AVAILABLE DATA:
----

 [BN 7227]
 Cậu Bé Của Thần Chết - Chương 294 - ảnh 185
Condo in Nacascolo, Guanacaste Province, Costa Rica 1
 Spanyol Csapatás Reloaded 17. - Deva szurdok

----

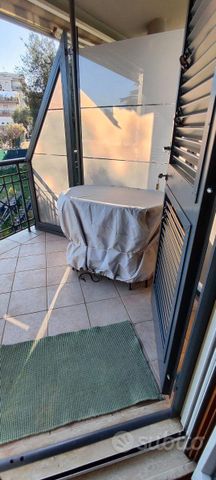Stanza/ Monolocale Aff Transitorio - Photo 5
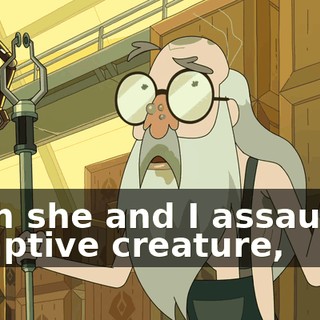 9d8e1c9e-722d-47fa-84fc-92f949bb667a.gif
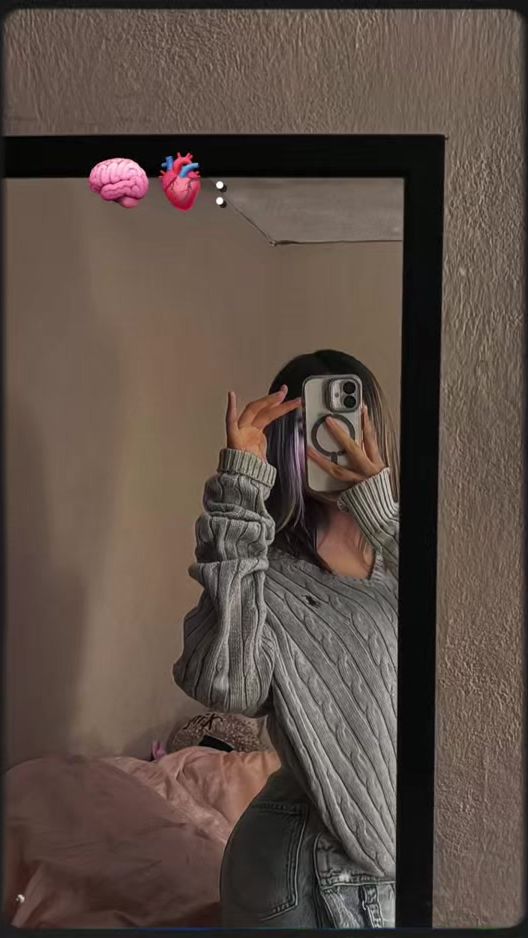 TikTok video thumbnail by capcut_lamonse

----

EXERCISE REQUIREMENTS:
Look through the listing above for the line with "9d8e1c9e-722d-47fa-84fc-92f949bb667a.gif" and the line with "TikTok video thumbnail by capcut_lamonse". Write out exactly those lines and everything between, leaving out pictures.

RESULT FOR THIS TASK:
 9d8e1c9e-722d-47fa-84fc-92f949bb667a.gif
 TikTok video thumbnail by capcut_lamonse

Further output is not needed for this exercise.